Repeat the data that follows in full. Do not include the pictures.

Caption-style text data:
........
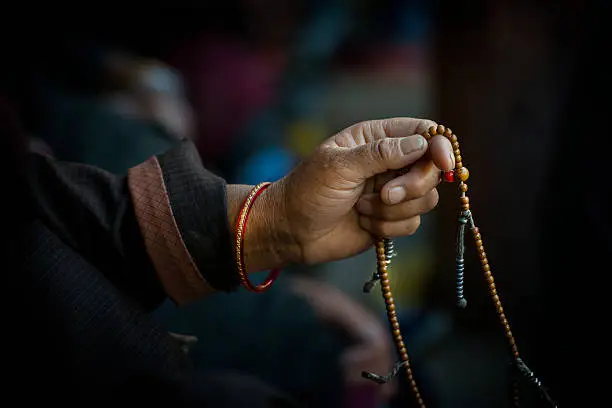 Hands of a Tibetan Buddhist cycles through his prayer beads while chanting.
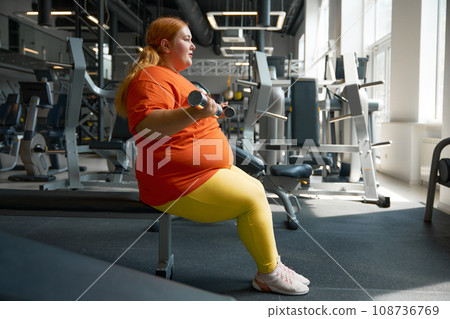 Plus size woman doing exercise on biceps training with dumbbells at gym Plus size woman doing exercise on biceps training with dumbbells at gym 108736769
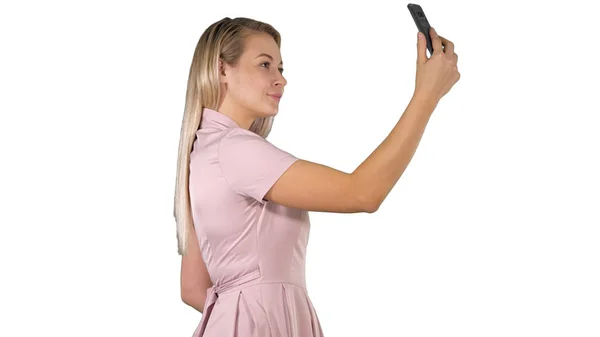 Junge schöne Frau macht Selfie auf ihrem Handy auf weißem Hintergrund. — Stockfoto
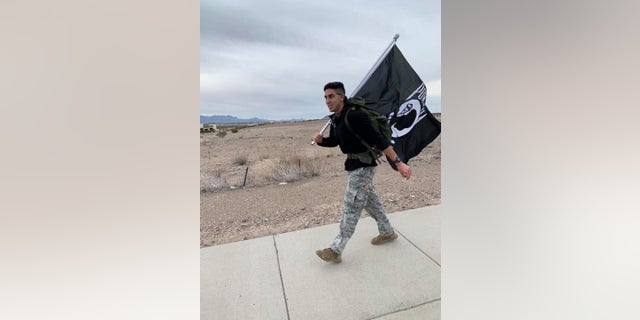 Airman David Saenz, 21, holds a Prinsoers of War flag while walking the streets of Las Cruces, N.M on Sunday.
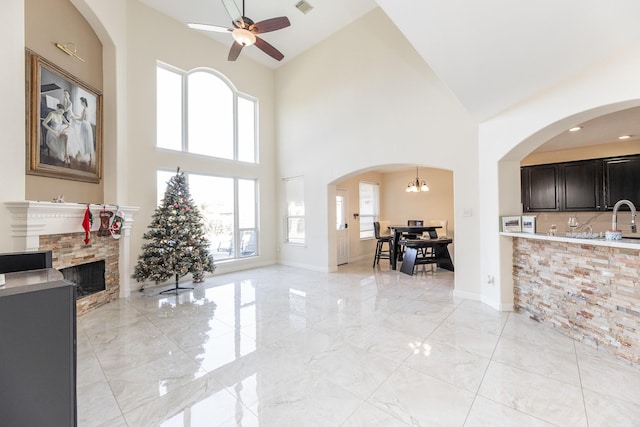 living room featuring ceiling fan with notable chandelier, a towering ceiling, and a stone fireplace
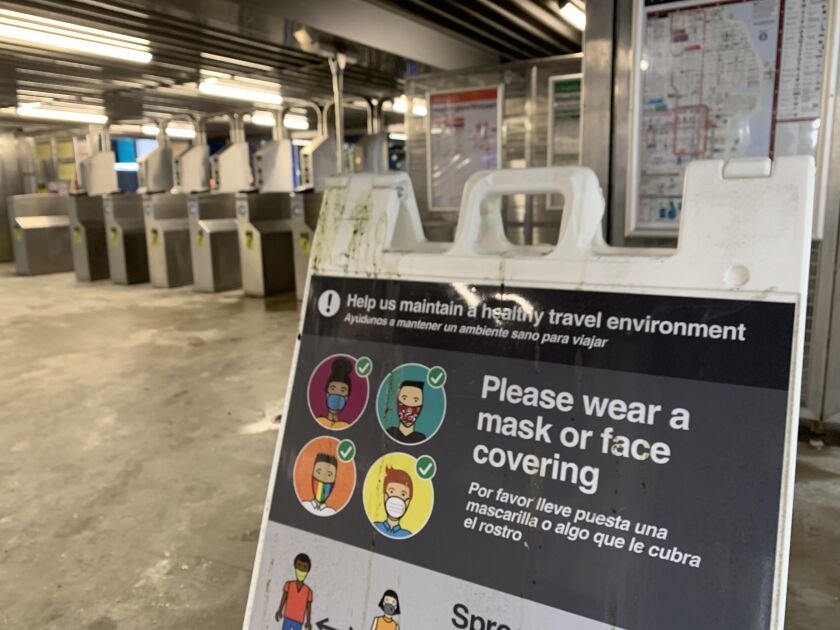 A sign at the CTA Red Line station at Lake Street in the Loop on Tuesday, Feb. 2, 2021 urges riders to wear face masks.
........
# [Solution to this task]
 Hands of a Tibetan Buddhist cycles through his prayer beads while chanting.
 Plus size woman doing exercise on biceps training with dumbbells at gym Plus size woman doing exercise on biceps training with dumbbells at gym 108736769
 Junge schöne Frau macht Selfie auf ihrem Handy auf weißem Hintergrund. — Stockfoto
 Airman David Saenz, 21, holds a Prinsoers of War flag while walking the streets of Las Cruces, N.M on Sunday.
 living room featuring ceiling fan with notable chandelier, a towering ceiling, and a stone fireplace
 A sign at the CTA Red Line station at Lake Street in the Loop on Tuesday, Feb. 2, 2021 urges riders to wear face masks.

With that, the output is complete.